Van Melden – Opfer oder Ehrenmann? – Die Antworten des Polizeichefs werfen viele Fragen auf!
»Haben Sie dat hier schon gelesen?« flüsterte Ackermann feucht … »’n Satz mit x, dat wat wohl nix!«
Van Appeldorn drückte sich weniger verhalten aus, als er gegen neun aus Bayern anrief: »Da hat der Alte sich wohl selbst ins Knie gefickt.«
»Woher weißt du denn davon?« fragte Toppe verblüfft.
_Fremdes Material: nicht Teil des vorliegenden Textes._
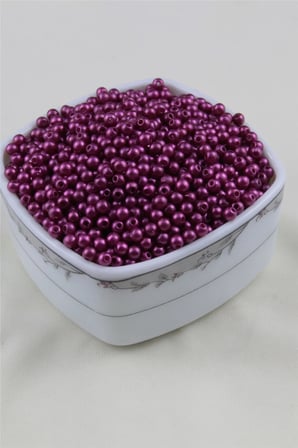 5 mm Koyu Fuşya İnci Boncuk 30 Gr (Kolye, Bileklik, Küpe ve Takı Yapımı)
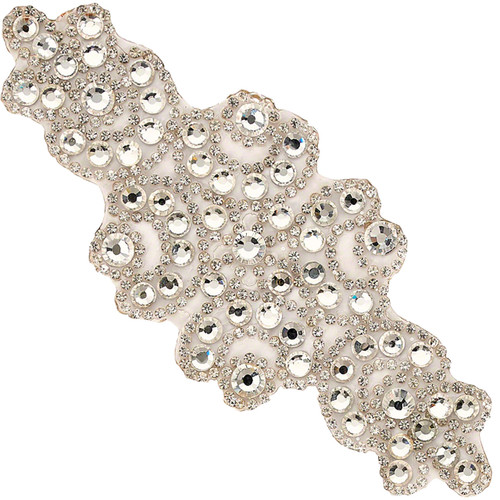 PriceLess Crystal Trim Applique Gel Backed 632 Crystal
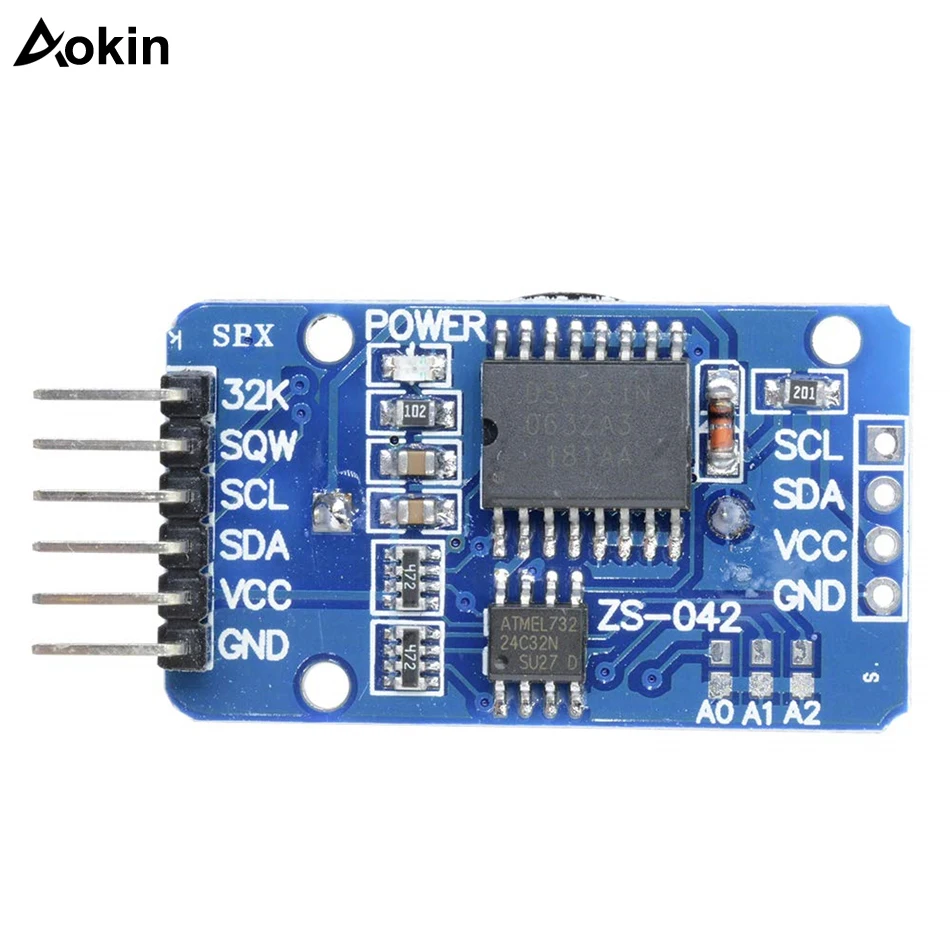 

1PCS DS3231 Real Time Clock Module RTC Sensor High Precision AT24C32 IIC Timer Alarm Clock for Arduino Raspberry Pi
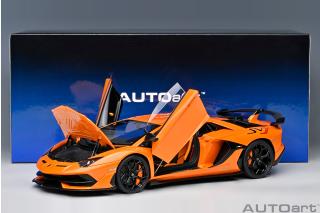 Lamborghini Aventador SVJ (ARANCIO ATLAS/PEARL ORANGE) (composite model/ full openings) AUTOart 1:18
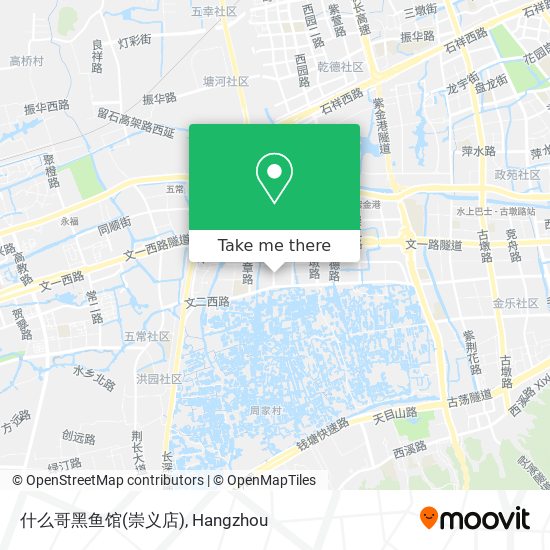 什么哥黑鱼馆(崇义店) map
»Sag bloß, ihr habt die Bildzeitung noch nicht gelesen! Dann hör mal zu: Drogen, Sex und Tod (drei Ausrufezeichen). Klever Polizeichef verteidigt Pornokünstler.«
Toppe notierte die Schlagzeile und schob den Zettel Ackermann rüber. Der hielt sich die Hand vor den Mund.
»Irgendeiner von den Reportern muß Wind von der Sache gekriegt haben. Die sind ja nicht auf den Kopf gefallen«, meinte van Appeldorn. »Aber wenn du mich fragst, ich habe gar nichts dagegen. Paß mal auf: Meine schöne Dienstreise ist ein totaler Flop. Das Mädchen hab’ ich nicht zu Gesicht gekriegt. Als ich gestern hier ankam, lag die junge Dame im Krankenzimmer, und der Arzt ließ mich nicht zu ihr. Nervenzusammenbruch.«
»So, so, Nervenzusammenbruch. Und warum?«
»Entwicklungsbedingte Kreislaufschwäche, sensibel, überarbeitet, dem Leistungsdruck nicht gewachsen – blabla. Heute morgen bin ich sofort wieder hin. Und jetzt rate mal!«
»Keine Ahnung. Ist sie gestorben?«
»Das nun nicht gerade. Ihre Eltern haben sie mit Sack und Pack abgeholt und sind mit ihr in einen Kurzurlaub gefahren, zwecks Genesung. Ziel: unbekannt.«
»Hört sich nach Panik an.«
»Sicher. Denen geht der Arsch auf Grundeis. Aber ich komme noch heute zurück. Und ab morgen stehe ich regelmäßig bei denen auf der Matte. Irgendwann tauchen die schon wieder auf. Ich melde mich, wenn ich wieder in Kleve bin.«
Salmon Rosenberg war ein pünktlicher Mensch. Er selbst empfand das nicht als besondere Tugend, es war einfach ein Teil von ihm. So selbstverständlich wie sein tägliches frisches Hemd, cremefarben oder grau mit englischem Kragen, wie das allabendliche Putzen seiner Brillengläser, bevor er sie auf dem Nachttisch ablegte.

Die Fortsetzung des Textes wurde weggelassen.